◆ Image-text web data

##########

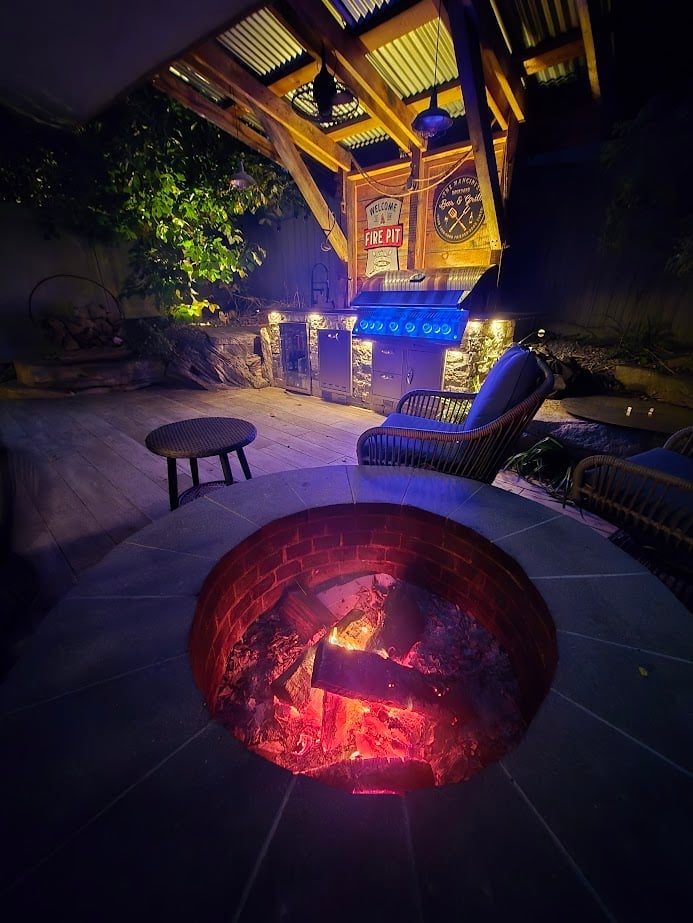 Nighttime backyard with glowing red fire pit, wooden pergola with warm lighting, lounge chairs, and decorative signage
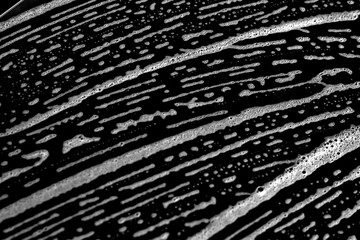 Wavy monochrome abstract texture.  Geometric striped texture in monochrome tones, suitable for minimal and contemporary designs.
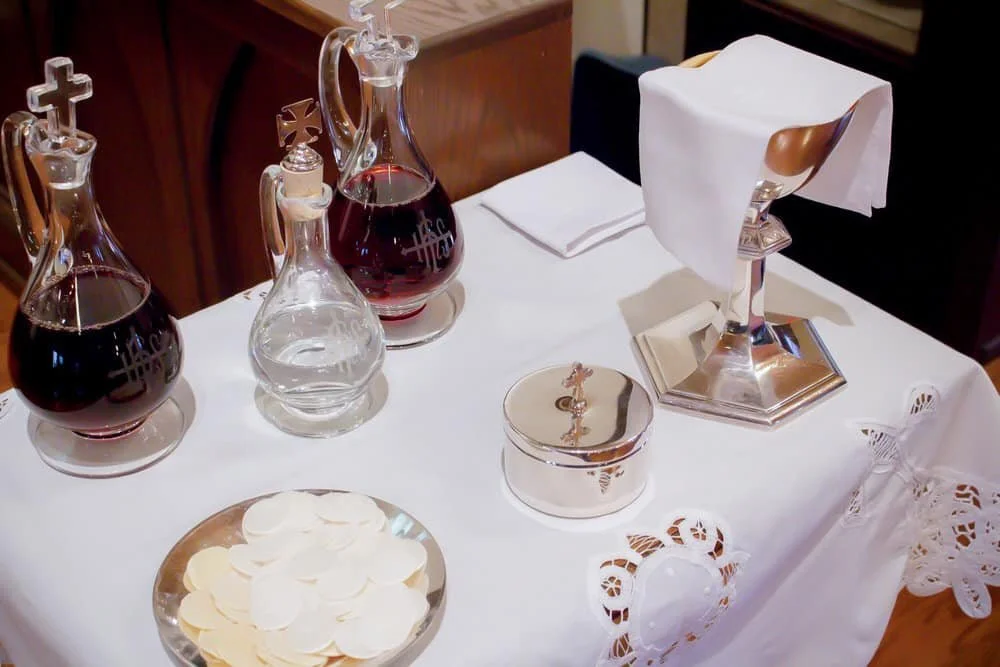 Religious table setup with glass decanters, a tissue holder, a plate of communion wafers, and a tablecloth with lace trim.
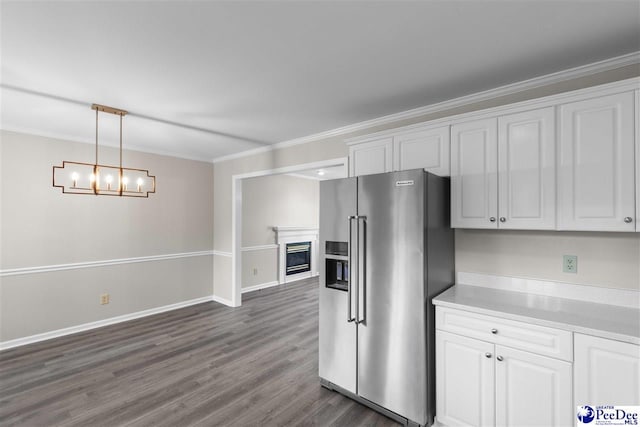 2348 Chadwick Dr, Florence, SC 29501 - kitchen with high end fridge, white cabinets, dark wood finished floors, ornamental molding, and light countertops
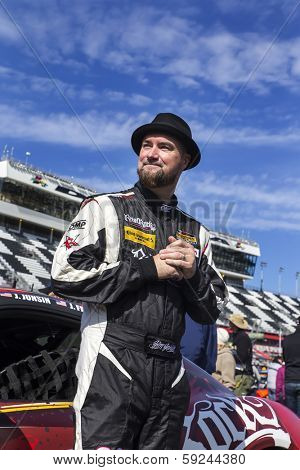 Daytona Beach, FL - Jan 24, 2014:  Jim Jonsin signs autographs before the start of the BMW Performance 200 at Daytona International Speedway in Daytona Beach, FL.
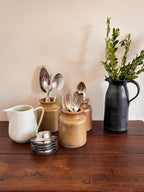 Vintage French stoneware mustard jars showing the rolled rim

##########

◆ TASK GOAL
The copy you produce must hold all the records above exactly and none of their pictures.

◆ THE COMPLETED TASK
 Nighttime backyard with glowing red fire pit, wooden pergola with warm lighting, lounge chairs, and decorative signage
 Wavy monochrome abstract texture.  Geometric striped texture in monochrome tones, suitable for minimal and contemporary designs.
 Religious table setup with glass decanters, a tissue holder, a plate of communion wafers, and a tablecloth with lace trim.
 2348 Chadwick Dr, Florence, SC 29501 - kitchen with high end fridge, white cabinets, dark wood finished floors, ornamental molding, and light countertops
 Daytona Beach, FL - Jan 24, 2014:  Jim Jonsin signs autographs before the start of the BMW Performance 200 at Daytona International Speedway in Daytona Beach, FL.
 Vintage French stoneware mustard jars showing the rolled rim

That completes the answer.